- _What to do_: Repeat exactly what runs from the line with "Today, cameras and" through the last line of the material, and keep the pictures out of it.

- _Recorded data_:

————————

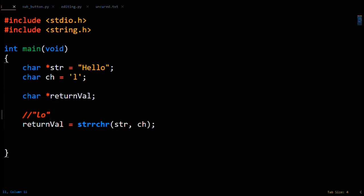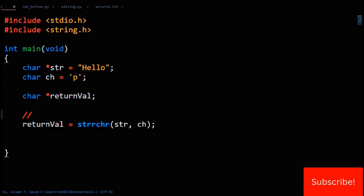An important thing to know: strrchr's return value isn't its own unique string. Just think of it conceptually — it returns a pointer to the location of the character you're looking for, so they're the same two zones, so to speak, in memory. One final point to bring up: what does strrchr return if the character isn't found? For example, you're looking for the character 'p'. Obviously there's no 'p' in 'hello', but we have to return a location. What's the absence of any location? Null. When the character isn't found, null is returned.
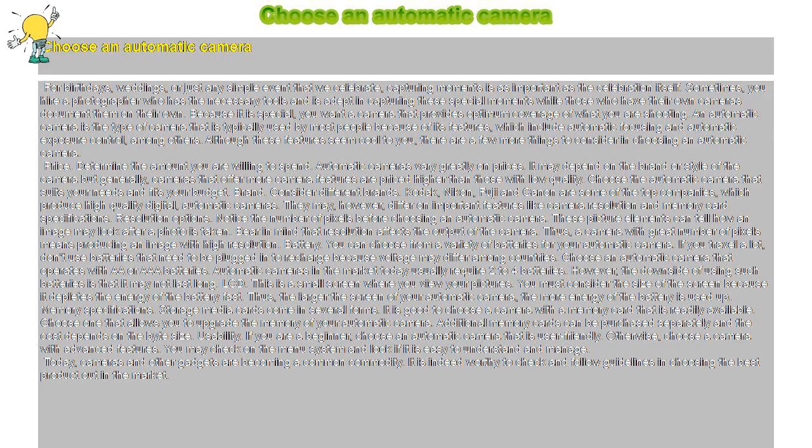Today, cameras and other gadgets are becoming a common commodity. It is indeed worthy to check and follow guidelines in choosing the best product out in the market.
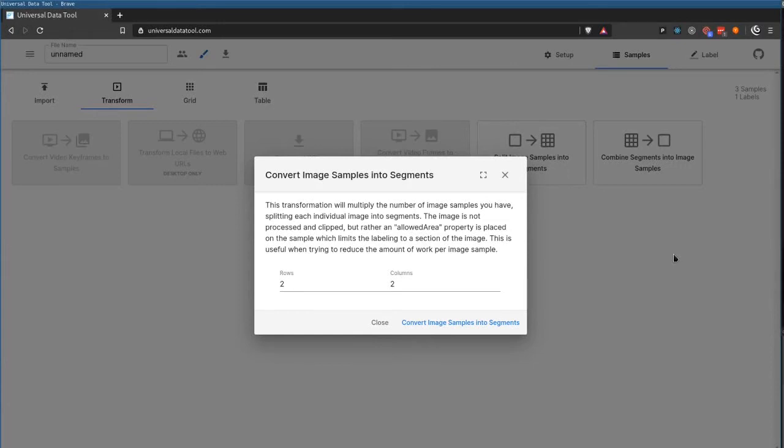There are several improvements to converting image samples into segments. You can now have any number of rows or any number of columns you want.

————————

- _Solved problem_:
Today, cameras and other gadgets are becoming a common commodity. It is indeed worthy to check and follow guidelines in choosing the best product out in the market.
There are several improvements to converting image samples into segments. You can now have any number of rows or any number of columns you want.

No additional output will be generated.